Sawyer: unhappy with his need to revenge his parents death that he turned into the man he hated all his life.

Every person has unhappiness in their lives. Life is a roller coaster, with highs and lows.

Many of the main characters did little to relieve their unhappiness. Exceptions included Kate, who blew up her house to "save" her mother. But that led to even more unhappiness and a fearful flight from justice. Also, Sawyer killed an innocent man because of his own personal demon for revenge.

Even during the series, the characters did not actively try to change their circumstances. They more often than not allowed things to happen to them. They were content to allow circumstances control them like a swift current carrying their body downstream. The merely accept where the current will take them, instead of swimming to their own shore.

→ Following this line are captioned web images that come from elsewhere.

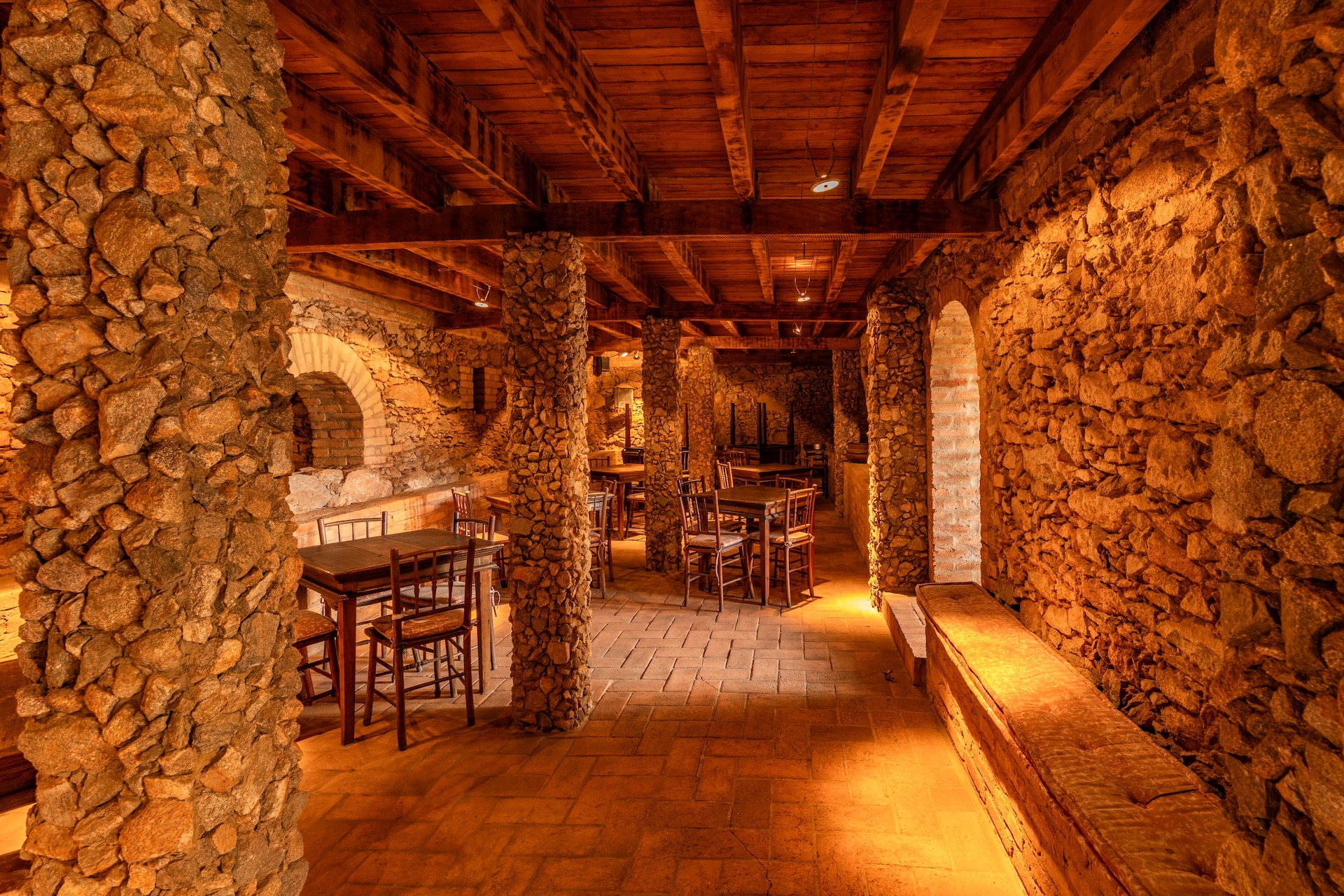 Jaguariuna_VilaBuenoResidence-10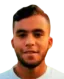 Jhon Marchán
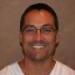 Photo: Dr. Steven Driggers, DDS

And if LOST was a character driven experience of adventure, enlightenment and change, very little of that made it into the pages of the scripts. In the sideways church, they all appeared to be happy, but why? It would seem the reunion made each of them happy because they shared a common experience on the island. But for most, they never survived that experience. They never came to terms with their personal unhappiness. In the finale, all that happened was that their souls came back together in the after life. That reinforces the unhappy fact that the characters did not change at all. One could say that fate brought them all together; and fate would take them back into the light.

And that is a better reason for fan unhappiness with LOST's ending than trying to blame the fans for their own unhappiness.